During an interview after the vote, Senator Hasil Bizenjo, the selection to replace Chairman Sadiq Sanjrani, was asked how the vote fell through against his hopes. He replied by saying that this was the doing of the “establishment”. He said that the Director General Inter-Services Intelligence (ISI) is behind the surprising change of heart of 14 Senate members.

Is this who we want leading the Upper House? Someone who would blame another institution of the government for their loss without any evidence to back up the claim? Someone who made that uncalled for claim publically as a distinguished member of the Upper House? Logic demands that before pointing fingers at others, they take a look at their own house and how united it stands. Even if there was an outside influence behind the change of heart of the 14 members, doesn’t it make more sense to look into why it was so easy for said influence to persuade them?

Lastly, while we make commentary on the Vote of No-Confidence turning into a Vote of Confidence for Chairman Sadiq Sanjrani, we also need to discuss the reasons why the resolution was tabled in the first place. What were the reasons why they were no longer confident in his abilities despite having elected him Chairman? What was the end goal in mind?

For example, the PPP were among Chairman Sanjrani’s biggest supporters when he was elected. What caused this change of heart? Was it national interest or personal interest? Knowing their leadership, the latter is much more likely. And therein lies the problem. So many of those criticizing are more often than not doing so with their own vested interests in mind. These are questions that we can only ever hope to get answers to.

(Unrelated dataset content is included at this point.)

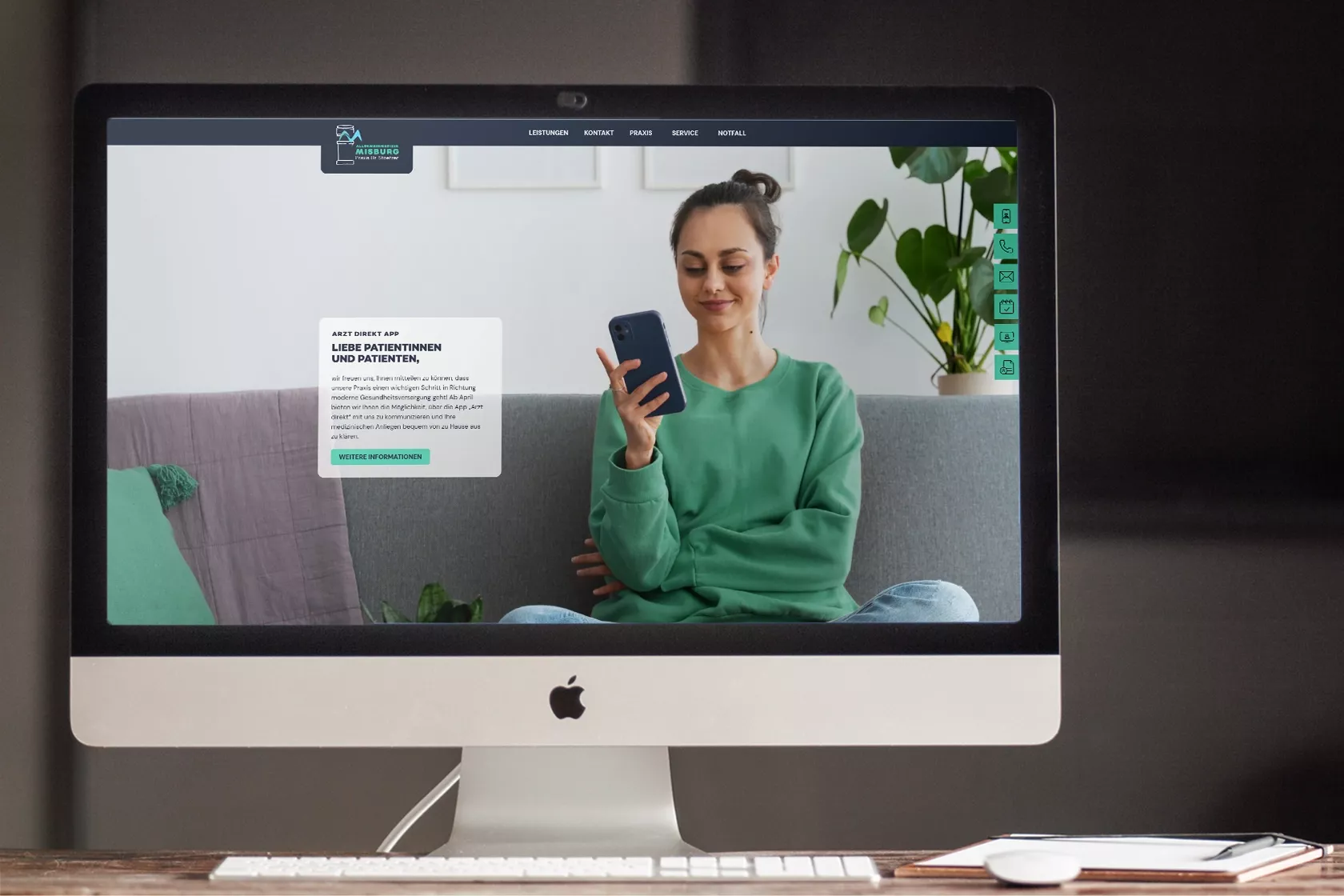 Ein iMac auf einem Schreibtisch zeigt die Startseite der Website der 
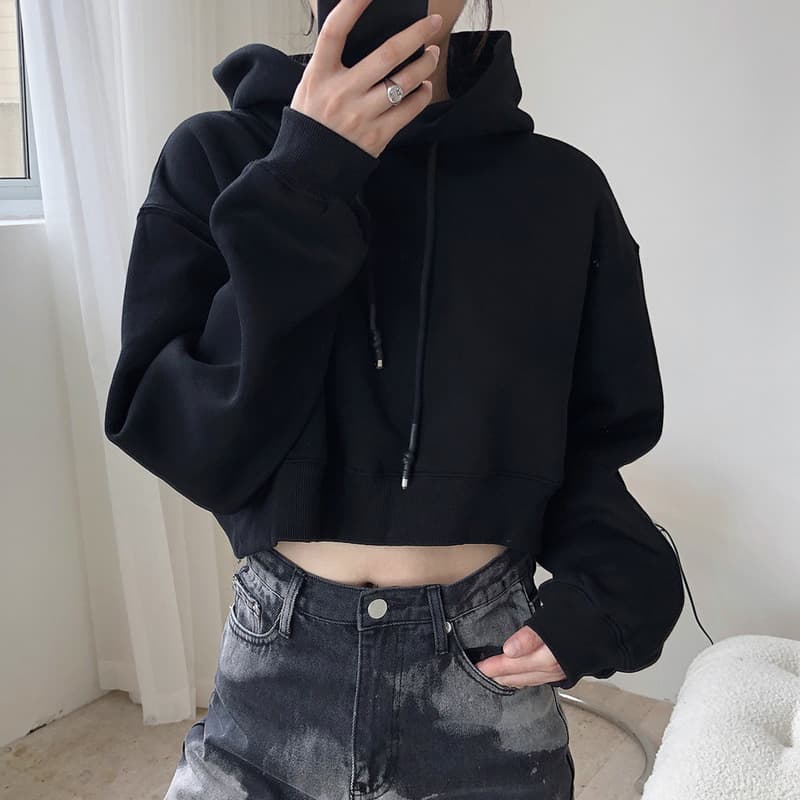 アウトドアファッション ゆったりクロップドパーカー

Not that criticism of the government or any policymakers is always unwarranted or incorrect. Criticizing the government is a right of every citizen of the State in case of underperformance. Constructive criticism helps the government improve as long as it aims to serve the public that has elected it. However, when criticizing, it is important that we refrain from resorting to extremes. With our right to criticize the government, also comes our responsibility to wait for it to act upon said criticism. We survived through two corrupt governments in the last decade. We can give the present one a chance too when it has proven to have lesser vested interests, if any.